§ **Excerpted data**

________________________________________

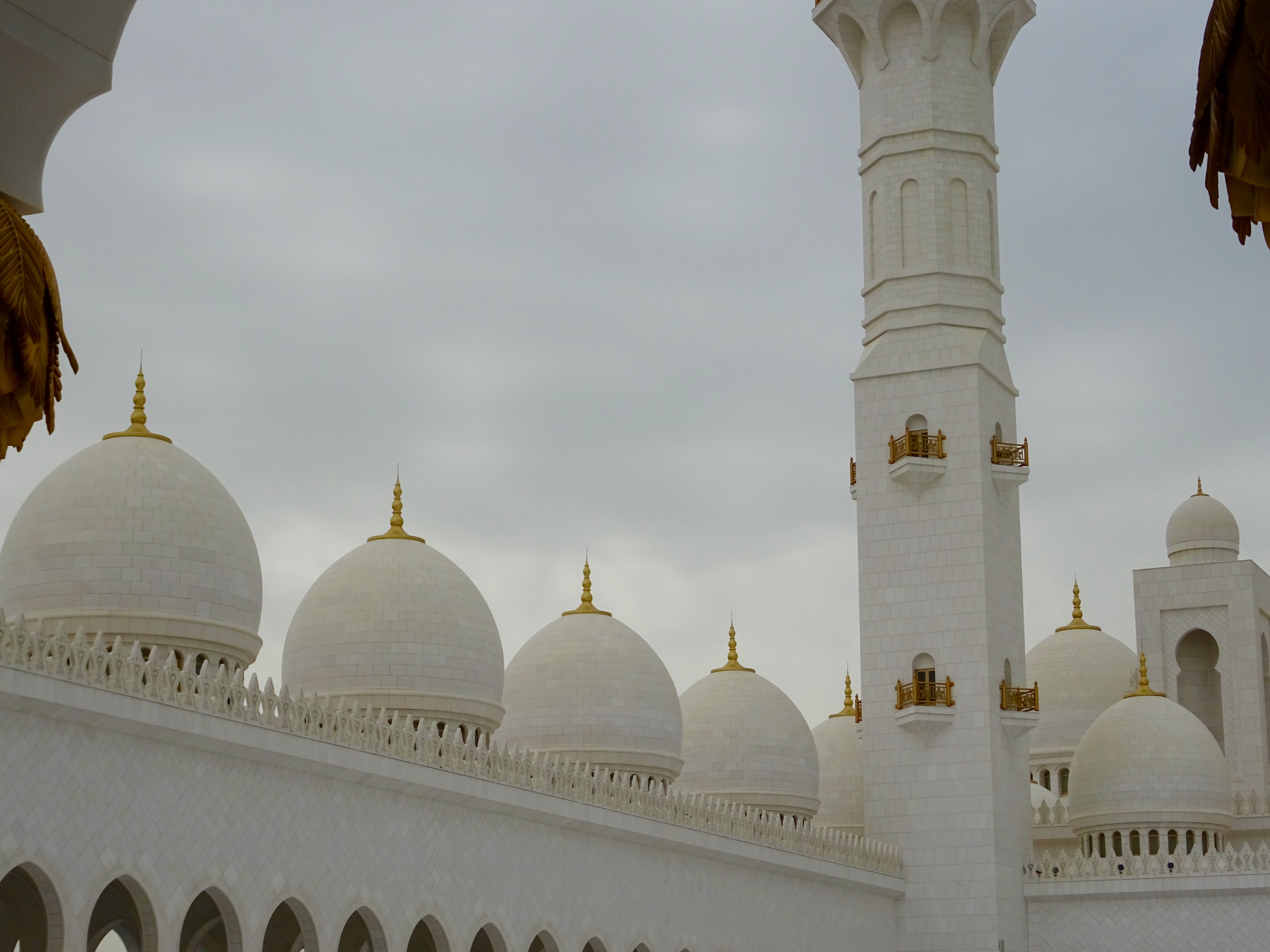 Mon_Mode Blog | Mon Mode | Fashion blog | Toronto Bloger | Travel Blog | Sheikh Zayed Mosque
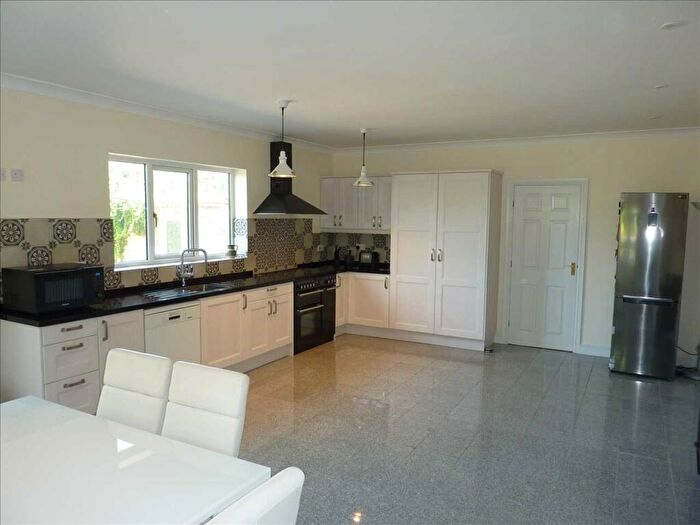 3 Bedroom Detached House For Sale In Chapel Lane, Barnoldby-le-beck, Grimsby, DN37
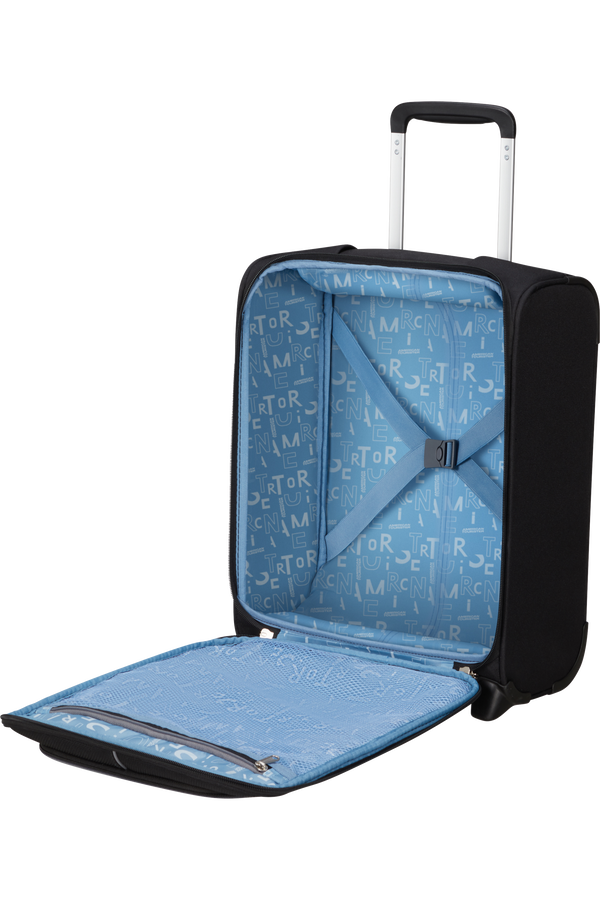 Fun Bay Upright (2 wheels)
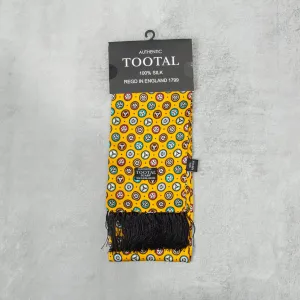 Tootal TV 3914 673 - Golden Ochre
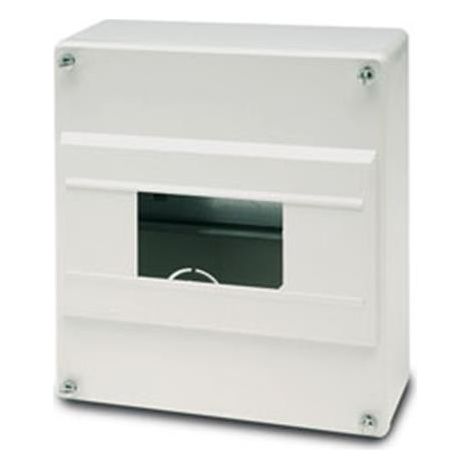ARMARIO SUPERFICIE 8 ELEMENTOS IP40 (1/5)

________________________________________

§ **Task**
Retype each line of the listing above word for word. Exclude the pictures.

§ **Exercise solution**
 Mon_Mode Blog | Mon Mode | Fashion blog | Toronto Bloger | Travel Blog | Sheikh Zayed Mosque
 3 Bedroom Detached House For Sale In Chapel Lane, Barnoldby-le-beck, Grimsby, DN37
 Fun Bay Upright (2 wheels)
 Tootal TV 3914 673 - Golden Ochre
ARMARIO SUPERFICIE 8 ELEMENTOS IP40 (1/5)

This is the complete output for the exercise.